Poland / Government Facing Decision On Technology For First Nuclear Plant, Says Minister

By Kamen Kraev
14 February 2020

Jacek Sasin says Poland 'chased by deadlines' to reform energy sector
Government Facing Decision On Technology For First Nuclear Plant, Says Minister
Jacek Sasin, minister of state assets. Image courtesy Polish Council of Ministers.
Poland’s minister of state assets Jacek Sasin said the Polish government can “continue thinking” about the introduction of nuclear energy in the country after European leaders agreed not to exclude nuclear from 2050 net-zero plans at a summit in December.

In an interview for Polish newspaper Gazeta Prawna, Mr Sasin said Poland is facing the decision of choosing a foreign technology vendor for the country’s first nuclear power station project.

“The matter is not simple, these are huge costs and complicated issues related to the choice of technology”, Mr Sasin said.

He said that Poland would “for example put aside” Chinese or Russian technologies, but “there are” US, Japanese, South Korean, and French proposals.

Asked about small modular reactors, Mr Sasin said SMR technology “may work” in the future, however Poland “is chased by deadlines” and needs to reform its energy sector using technologies available in the present.

Poland launched a national nuclear power programme in 2014 which included the construction of up to 6 GW of capacity by 2035, but the government has been delaying a final decision on the programme since taking over in 2015 because of financing uncertainties.

In November 2019, the government’s commissioner for strategic energy infrastructure Piotr Naimski told reporters that officials are in the process of conducting a “very detailed review” of all available reactor technology options.
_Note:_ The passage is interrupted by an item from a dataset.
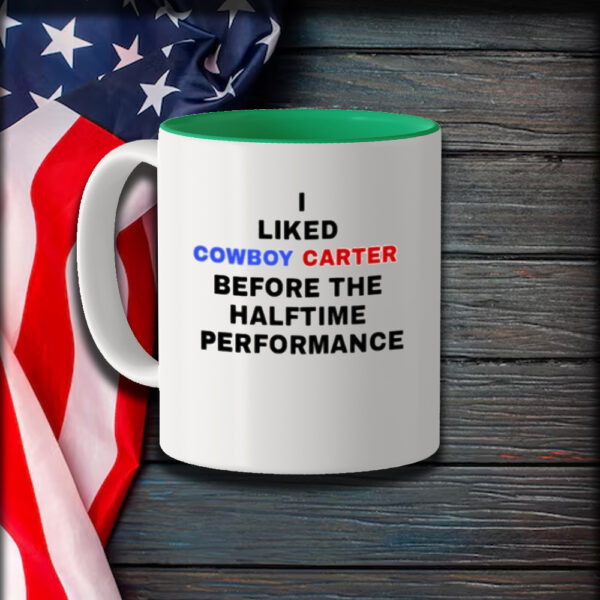 I Liked Cowboy Carter Before The Halftime Performance Mug1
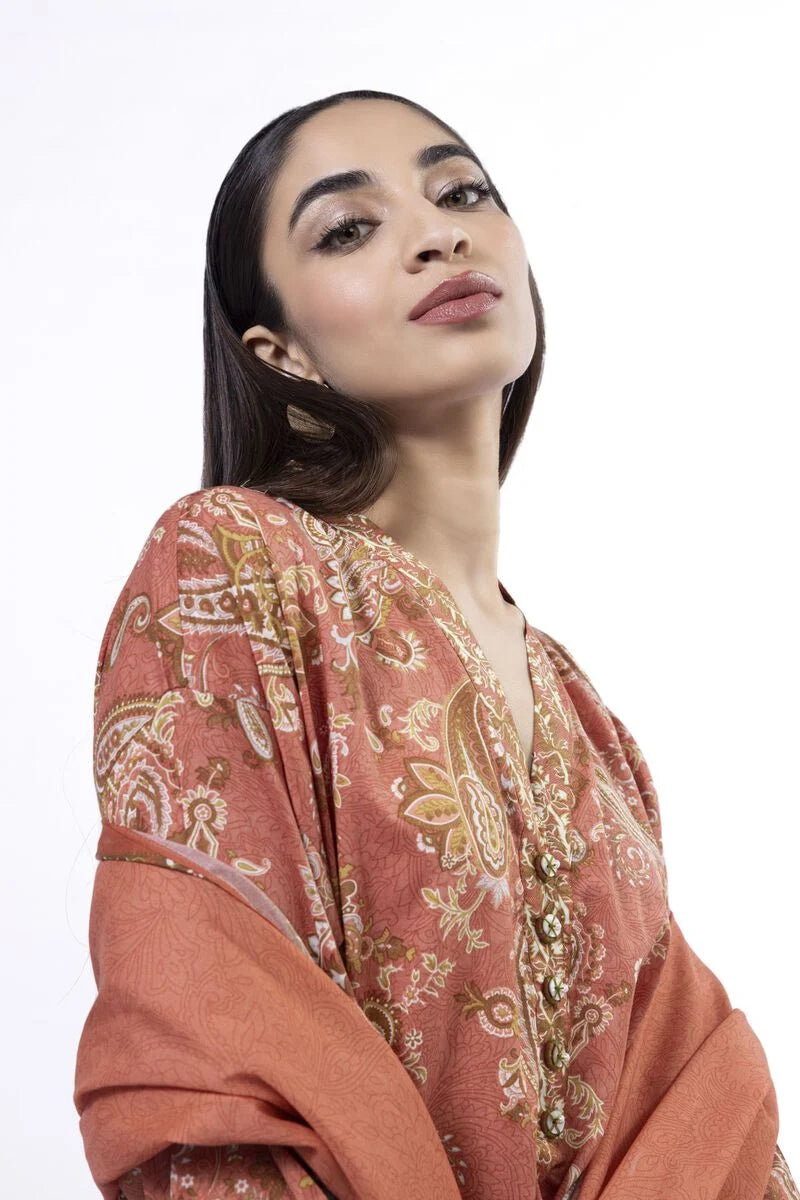 KHAADI | UNSTITCHED 3 PIECE PRINTED LAWN SUIT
A draft energy strategy called for construction of Poland’s first nuclear unit by 2033 and another five or six by 2043.

Government sources have said Poland will be aiming at a possible 6% nuclear share in the early to mid-2030s and a 15-20% nuclear share by 2050, although this would depend on a final decision about the nuclear programme and its financing.

Poland wants to invest in a new low-carbon energy source like nuclear to help it reduce its CO2 emissions in line with EU targets. About 80% of Poland’s electricity comes from ageing coal plants, many of which will have to close in the coming decade. Poland wants to reduce that to 60% in the 2030s.